BEGIN DATASET CONTENT

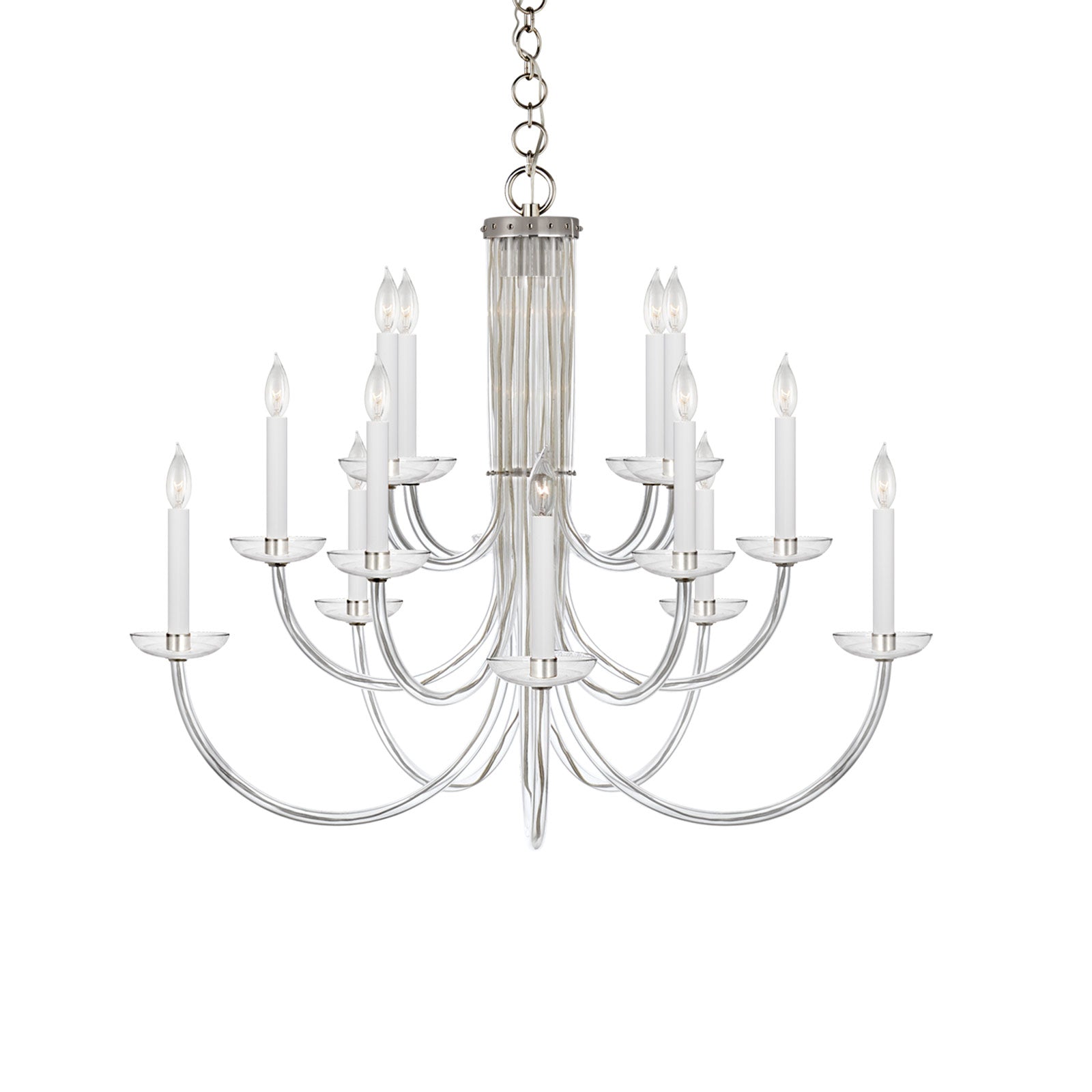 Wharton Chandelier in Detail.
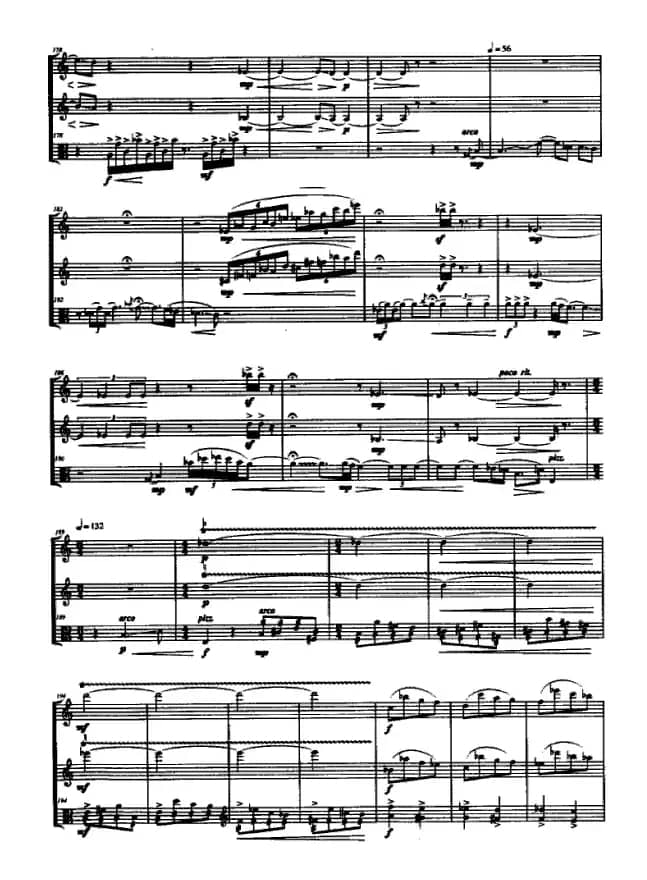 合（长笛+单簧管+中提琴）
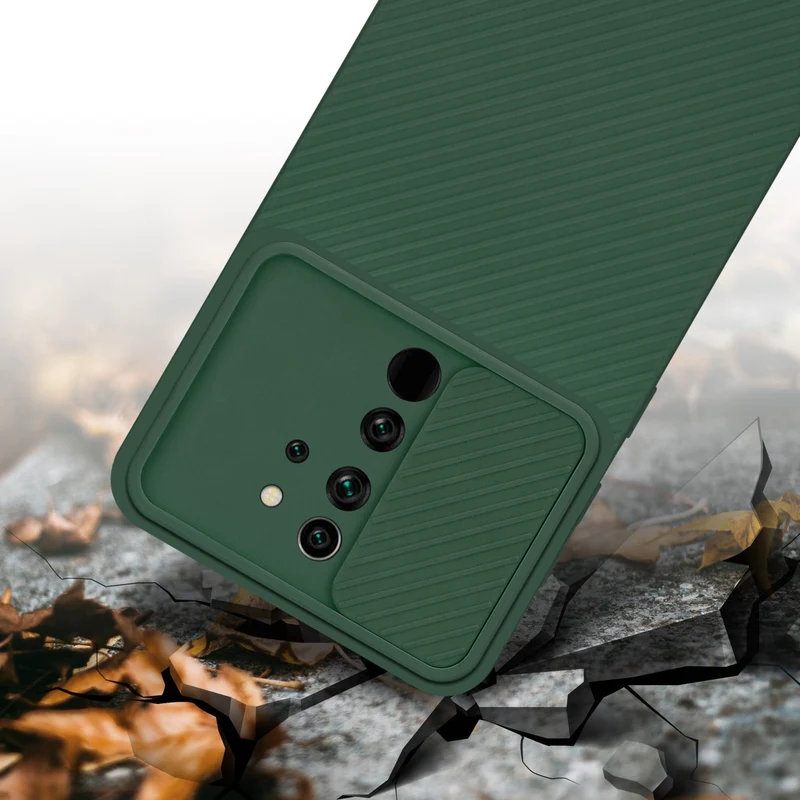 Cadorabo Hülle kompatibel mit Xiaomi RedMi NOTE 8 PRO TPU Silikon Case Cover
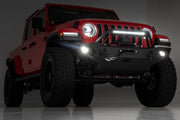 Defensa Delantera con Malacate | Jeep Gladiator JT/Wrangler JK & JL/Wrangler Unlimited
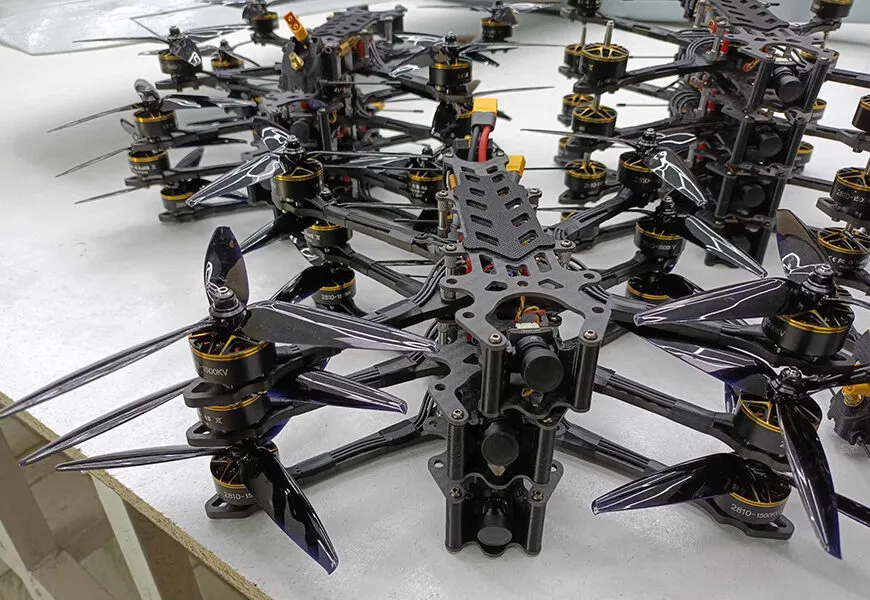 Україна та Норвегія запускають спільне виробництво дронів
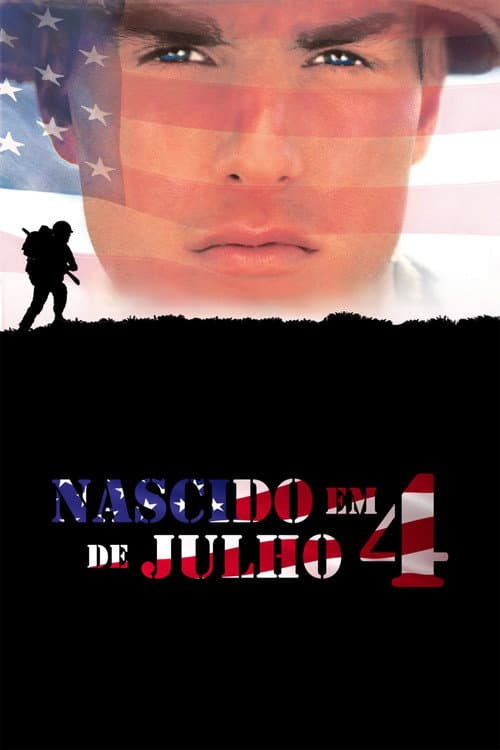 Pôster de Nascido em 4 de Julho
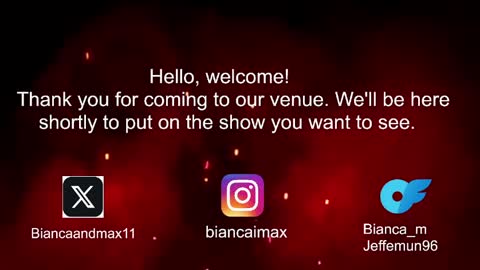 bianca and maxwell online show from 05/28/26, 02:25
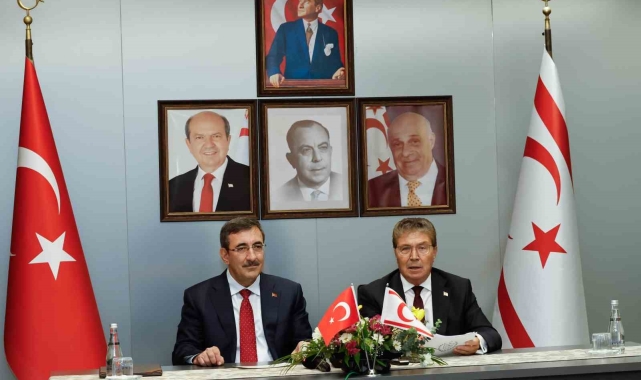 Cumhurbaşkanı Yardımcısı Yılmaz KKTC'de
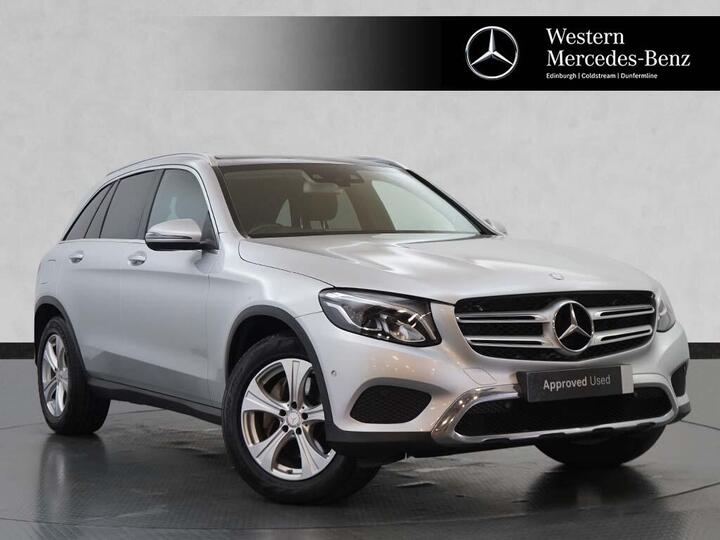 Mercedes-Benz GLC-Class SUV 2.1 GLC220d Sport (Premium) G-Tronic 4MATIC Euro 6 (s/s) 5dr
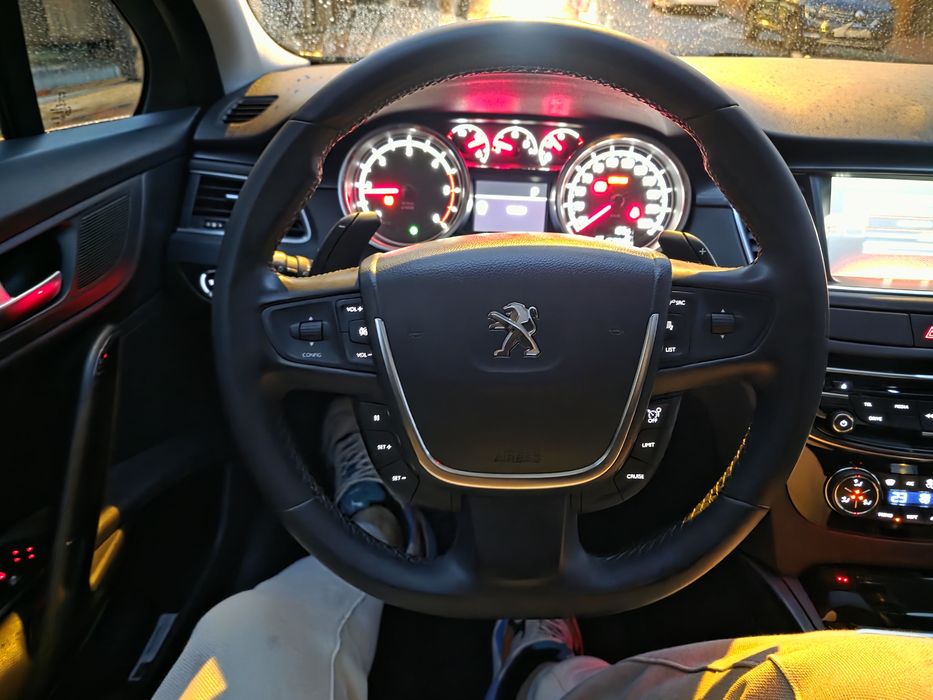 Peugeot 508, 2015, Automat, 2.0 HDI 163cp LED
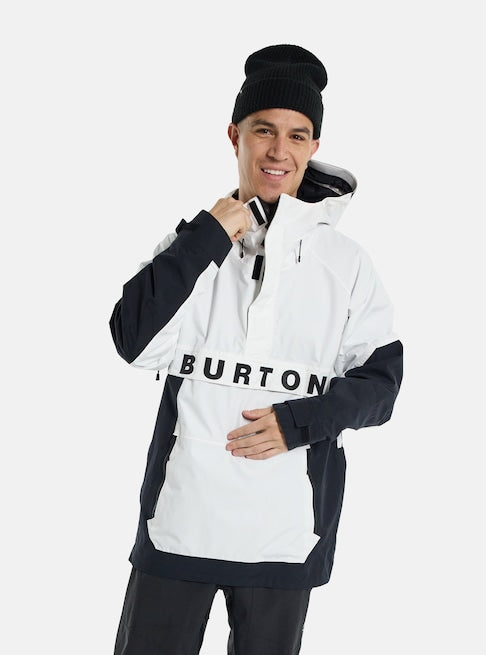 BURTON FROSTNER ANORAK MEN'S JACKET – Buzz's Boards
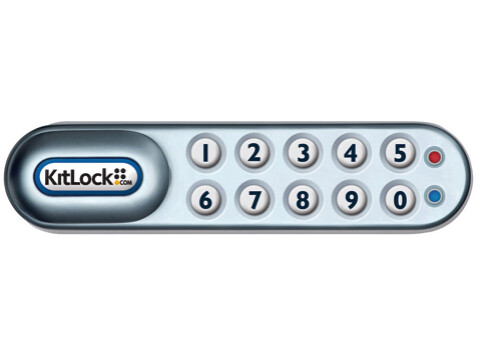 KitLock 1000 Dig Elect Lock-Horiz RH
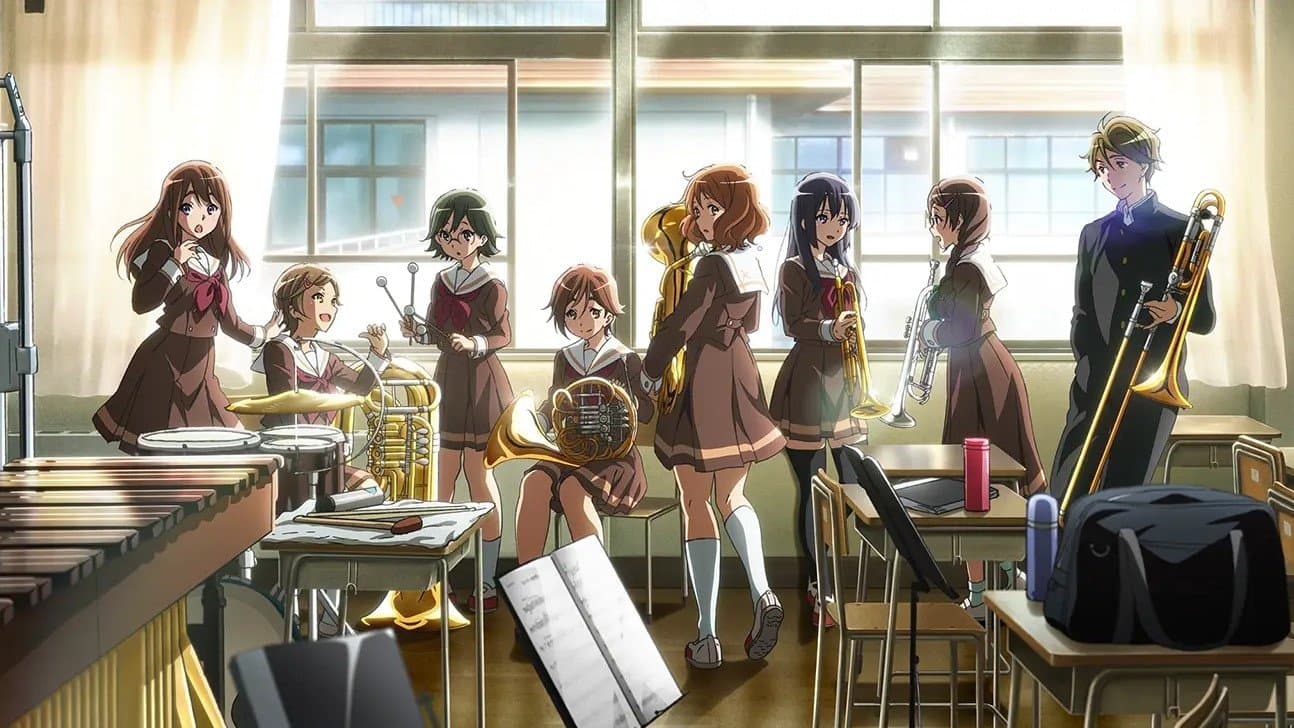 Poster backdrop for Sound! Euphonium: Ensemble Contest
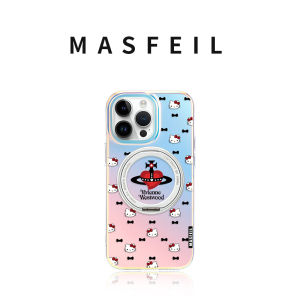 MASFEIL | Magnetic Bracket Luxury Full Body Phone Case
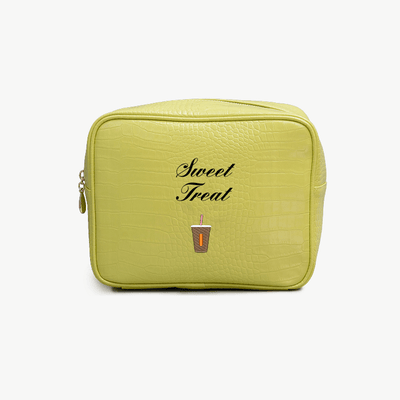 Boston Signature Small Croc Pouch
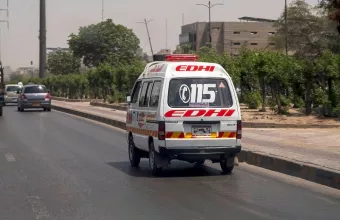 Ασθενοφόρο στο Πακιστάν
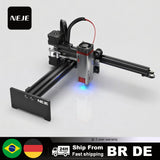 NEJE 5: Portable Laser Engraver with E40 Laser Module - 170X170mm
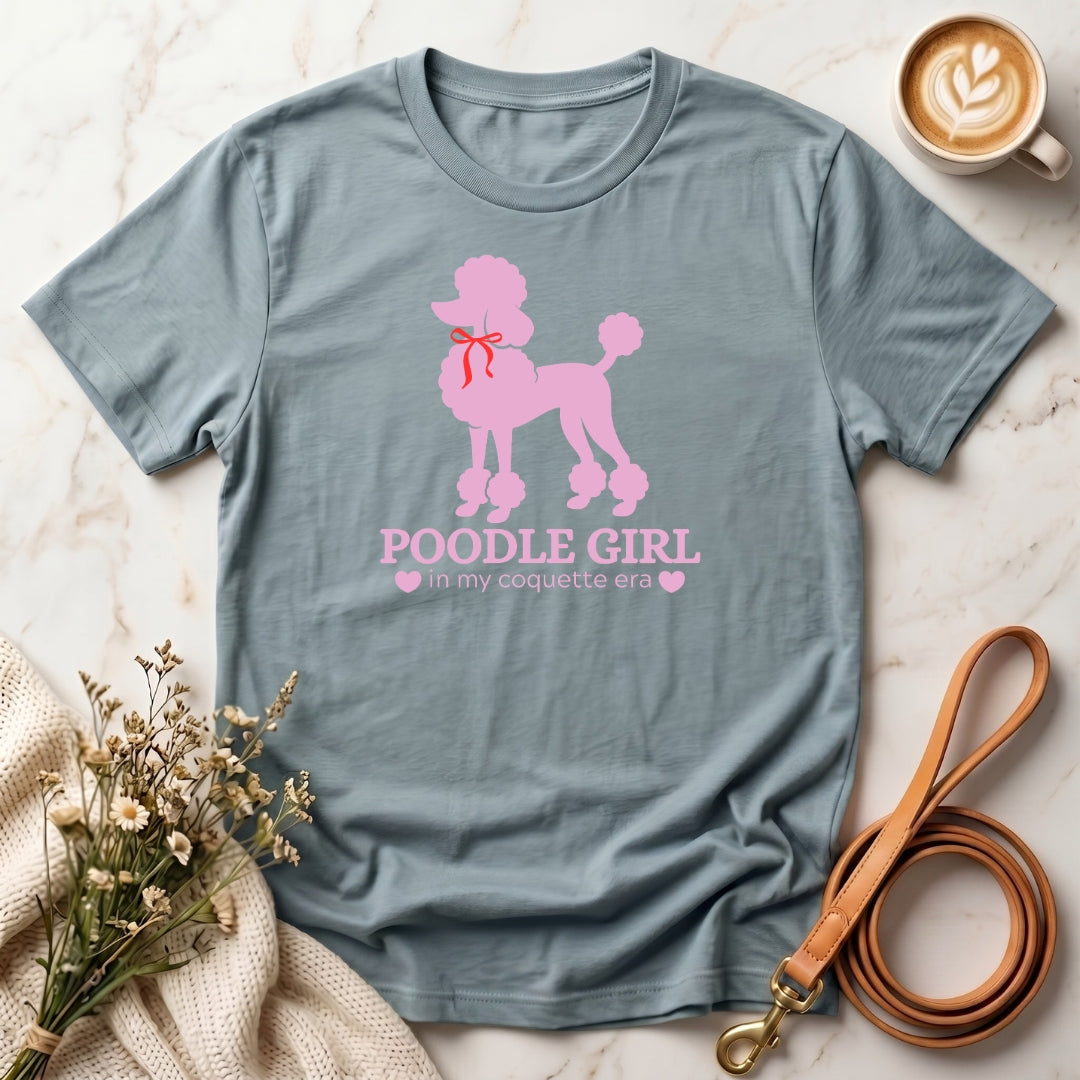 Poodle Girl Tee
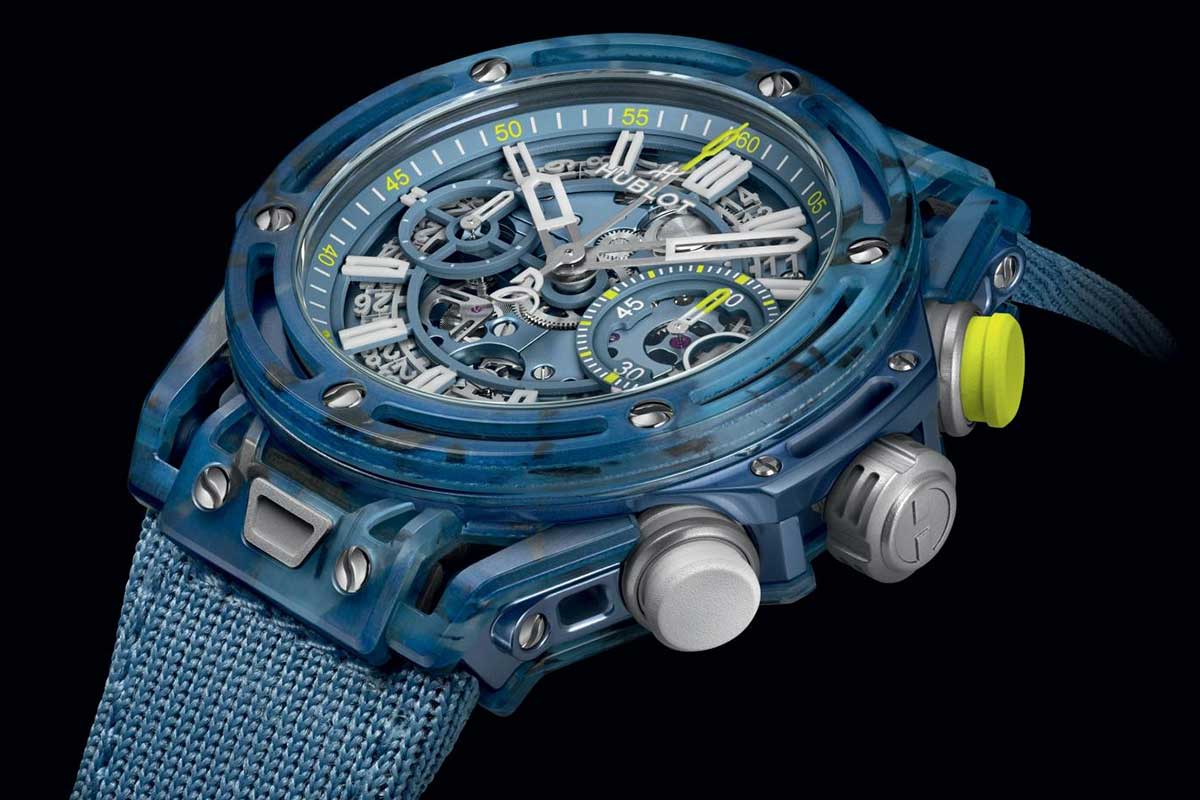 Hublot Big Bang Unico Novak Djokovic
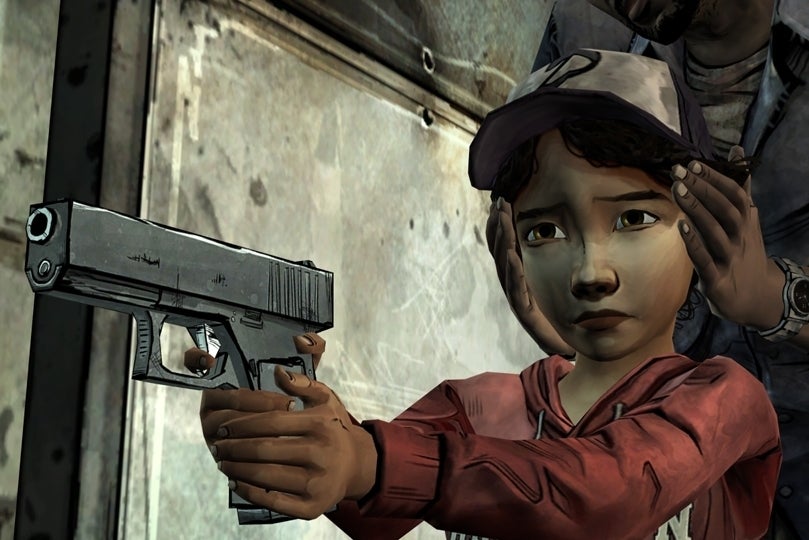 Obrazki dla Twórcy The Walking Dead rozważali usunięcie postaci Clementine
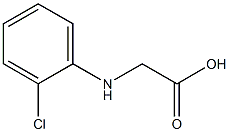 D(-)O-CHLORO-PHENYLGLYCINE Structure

END DATASET CONTENT

◆ WHAT THE TASK ASKS
The required output is every line from the one containing "Cumhurbaşkanı Yardımcısı Yılmaz KKTC'de" through the last line of the records, inclusive, reproduced exactly and without pictures.

◆ RESPONSE AREA
 Cumhurbaşkanı Yardımcısı Yılmaz KKTC'de
 Mercedes-Benz GLC-Class SUV 2.1 GLC220d Sport (Premium) G-Tronic 4MATIC Euro 6 (s/s) 5dr
 Peugeot 508, 2015, Automat, 2.0 HDI 163cp LED
 BURTON FROSTNER ANORAK MEN'S JACKET – Buzz's Boards
 KitLock 1000 Dig Elect Lock-Horiz RH
 Poster backdrop for Sound! Euphonium: Ensemble Contest
 MASFEIL | Magnetic Bracket Luxury Full Body Phone Case
 Boston Signature Small Croc Pouch
 Ασθενοφόρο στο Πακιστάν
 NEJE 5: Portable Laser Engraver with E40 Laser Module - 170X170mm
 Poodle Girl Tee
 Hublot Big Bang Unico Novak Djokovic
 Obrazki dla Twórcy The Walking Dead rozważali usunięcie postaci Clementine
 D(-)O-CHLORO-PHENYLGLYCINE Structure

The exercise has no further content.